One of the ways to protect children is to raise awareness in the wider community about possible risks, and the signs to look out for.
The definition being adopted in Highland covers the many different ways in which child sexual exploitation could affect a young person, sometimes without them recognising that they are being exploited.
Child sexual exploitation is a form of sexual abuse, in which a young person is manipulated or forced into taking part in a sexual act by someone who has power over them. This could be as part of a seemingly consensual relationship, or in return for attention, affection, money, drugs, alcohol or somewhere to stay.
Bill Alexander, Chair of the Highland Child Protection Committee said: “The young person may think that their abuser is their friend, or even their boyfriend or girlfriend, but the abuser will put them into dangerous situations, forcing the young person to do things they don’t fully understand or want to do.
“Young people can be exploited through use of substances or by being tricked, or through the use of technology such as social media sites, instant messaging, etc. This could involve getting young people to post sexually explicit images or take part in sexual activity or sexual conversations using technology.
“The abuser may be male or female; they may physically or verbally threaten the young person, or be violent towards them. They will control and manipulate them, and try to isolate them from friends and family."
Detective Chief Inspector Vince McLaughlin said: “Police Scotland remains committed to working with partner agencies to help keep children and young people safe from harm, in addition to bringing perpetrators of these crimes to justice.
“The rise in online child exploitation, in its many forms, is down to increased access to mobile devices, improved download technologies and the development of sophisticated software to conceal activities. Undoubtedly, this creates a challenge for all agencies, so the strength behind partnership working is absolutely essential to tackling this issue."
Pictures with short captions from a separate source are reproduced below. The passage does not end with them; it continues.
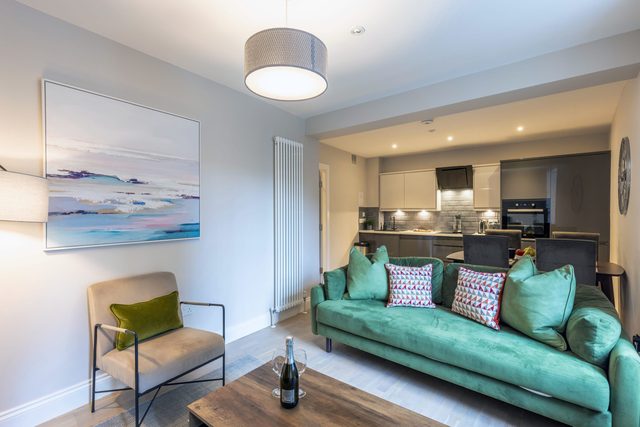 Edinburgh City Centre 2 Bed Apartment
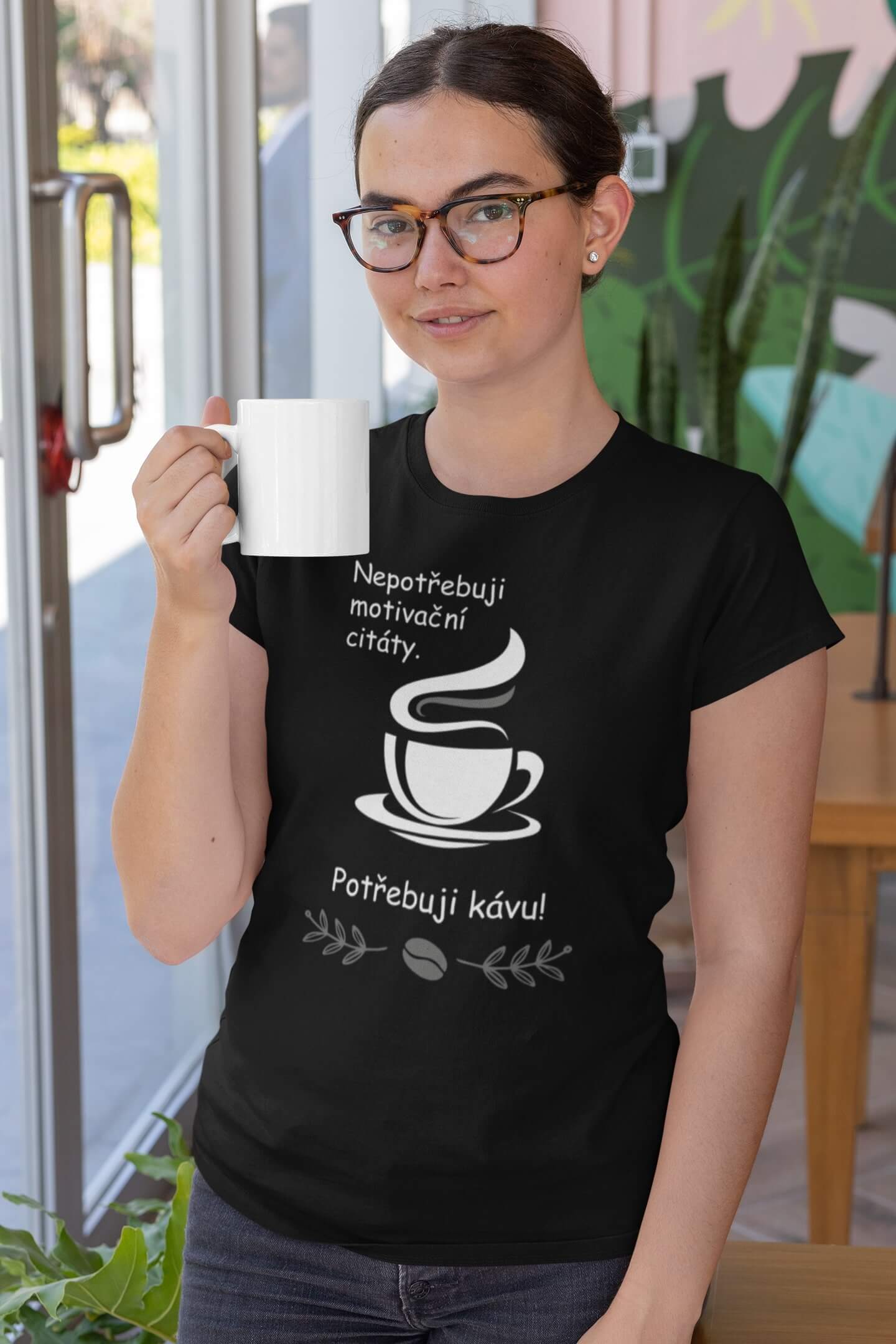 Dámské tričko Potřebuji kávu
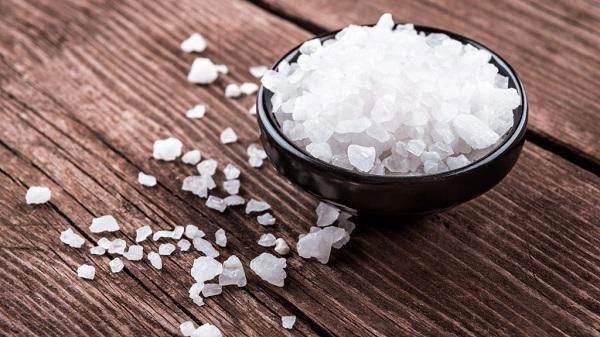 Dùng sửa rửa mặt chưa đủ bạn phải cho thêm thứ này vào nước rửa mới có làn da đẹp - 2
Cllr Linda Munro, Highland Council Children’s Champion said: “If you’re worried about any young person who you suspect might be in this kind of situation, please try to speak to them to share your concerns and to persuade them to take steps to protect themselves. If you’re still concerned please contact the Police or the Council’s Care and Protection services without delay. If we all work together we can keep our children safer from harm."